Un cargo pour Berlin est un chouette petit roman d’un peu moins de cent pages écrit par Fred Paronuzzi, dont c’est ici le cinquième ouvrage jeunesse. Il y dévoile l’histoire de Nour, une adolescente algérienne contrainte de s’enfuir pour échapper à un mariage forcé. Pourtant la vie avait jusqu’à présent souri à Nour. D’origine modeste, mais brillante élève, elle avait bénéficié du soutien de la directrice de son école, qui l’avait engagée à son service pour lui permettre à la fois de poursuivre ses études tout en apportant un soutien financier à ses parents. Hélas l’arrangement prit fin le jour où la directrice eut connaissance de l’idylle naissante entre son neveu et la jeune fille. Nour fut donc renvoyée chez ses parents, blessée par l’attitude du garçon à qui elle avait offert sa virginité et qui n’y voyait qu’une amourette de passage. Humilié, son père décida d’arranger rapidement un mariage pour que la honte ne rejaillisse pas sur la famille. Mais Nour fut horrifiée par la perspective d’épouser un homme probablement bien plus âgé qu’elle et qui lui collerait une ribambelle d’enfants bruyants et affamés. La jeune fille décida donc de prendre la fuite et de rejoindre l'Europe en compagnie de son ami Taricq, un garçon d'origine encore plus défavorisée, qui rêve depuis l'enfance de se rendre à Berlin. Les deux adolescents découvriront les difficultés qui attendent les clandestins africains, qui au départ de Tanger tentent de traverser en toute illégalité le détroit de Gibraltar. Ils seront assaillis par la faim et le froid, connaîtront les brimades de la police au frontières marocaine, feront face à la misère de ces hommes, de ces femmes et de ces enfants qui inlassablement essaient de forcer le passage vers une Europe qui ne veut pas d'eux et qui par tous les moyens tente d'endiguer le flot des immigrés clandestins.
Admirablement
écrit, dans un style à la fois simple et dépouillé, mais non
dénué de beauté, le roman est construit sur un rythme rapide. Les
chapitres sont courts et incisifs, un peu trop parfois car on
aimerait finalement que le roman prenne un peu plus d'ampleur bien
que l'on apprécie l'alternance des points de vue (l'écrivain
emploie le "je" lorsqu'il s'agit de Nour et le "elle"
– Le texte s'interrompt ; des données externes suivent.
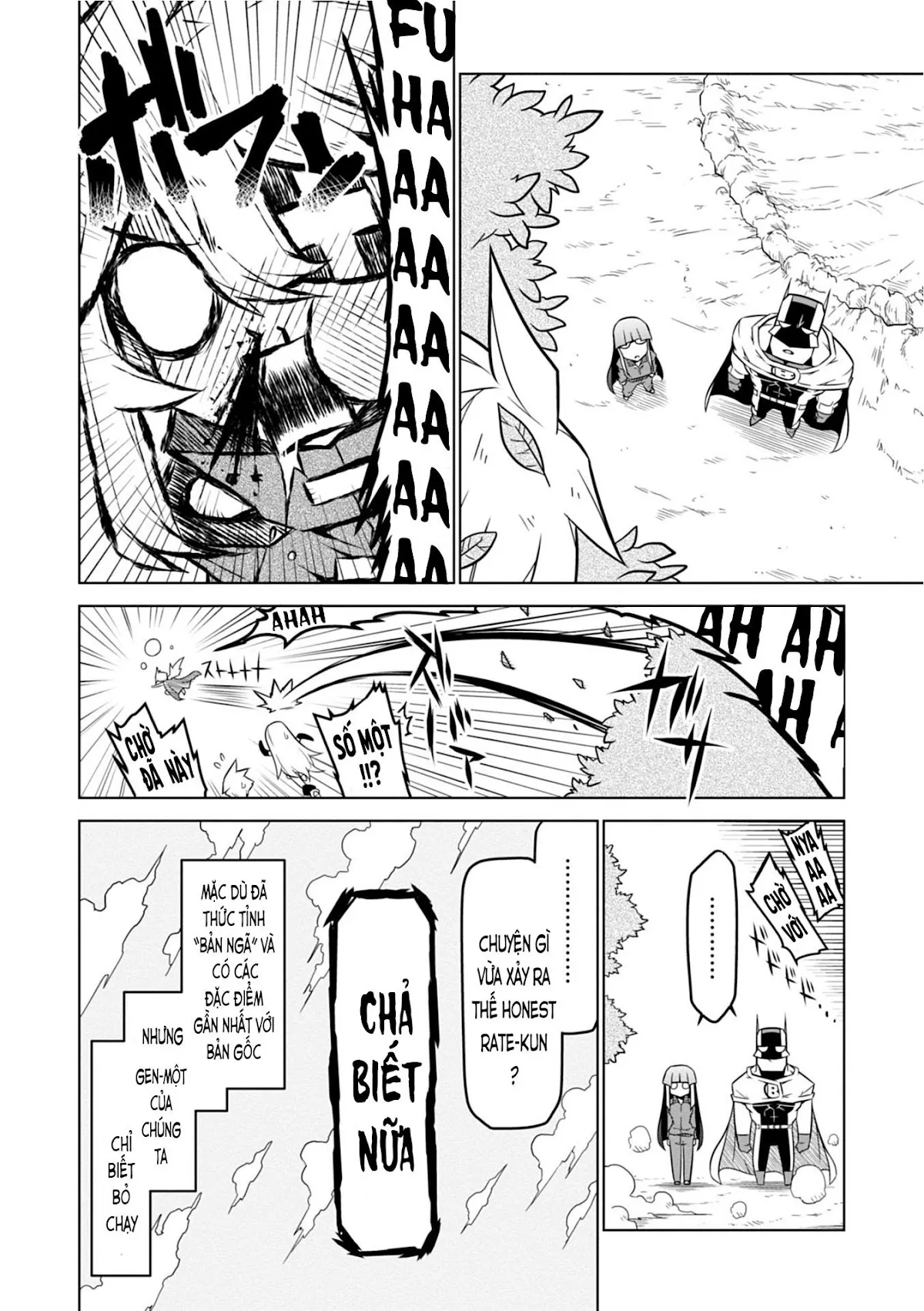 HentaiVN.net - Ảnh 10 - Zannen Jokanbu Black General-san - Chap 89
lorsqu'il s'agit de Youness, son identité clandestine). Sans tomber
totalement dans le travers de la littérature utilitariste, qui
développe un thème à la manière d'une démonstration, et en
évitant la caricature, Un cargo pour Berlin offre un
contrepoint intéressant sur la condition des femme dans les pays du
Maghreb. Touchant, sans jamais sombrer dans le pathos, Fred Paronuzzi
nous offre un joli roman, qui devrait interpeller en douceur mais
intelligemment nos chères têtes blondes.
8 commentaires:
De Fred Paronuzzi : Merci pour cette critique flatteuse !
De rien. Votre roman fait partie de la sélection du prix "Hautes Pyrénées tout en auteurs", mais je suppose que vous étiez déjà au courant.
F. Paronuzzi: Oui. Je devrais d'ailleurs venir rencontrer les élèves fin mai, début juin...
Il y a des chances que je vous croise à cette occasion.
Direct dans ma liste à acheter ! C'est bien le premier roman jeunesse que tu chroniques... Moi pour le moment, je suis dans "A la croisée des mondes" de Pullmann, qui me fait de l'oeil depuis longtemps, et je n'arrive plus à décrocher.
Fred Paronuzzi : Avec plaisir.
Fred Paronuzzi à Valérie: "A la croisée des mondes", chef d'oeuvre à mon humble avis... je vous comprends.
C'est vrai que c'est pas mal "A la croisée de mondes", l'univers est vraiment original. Le film est à mon humble avis largement moins convaincant.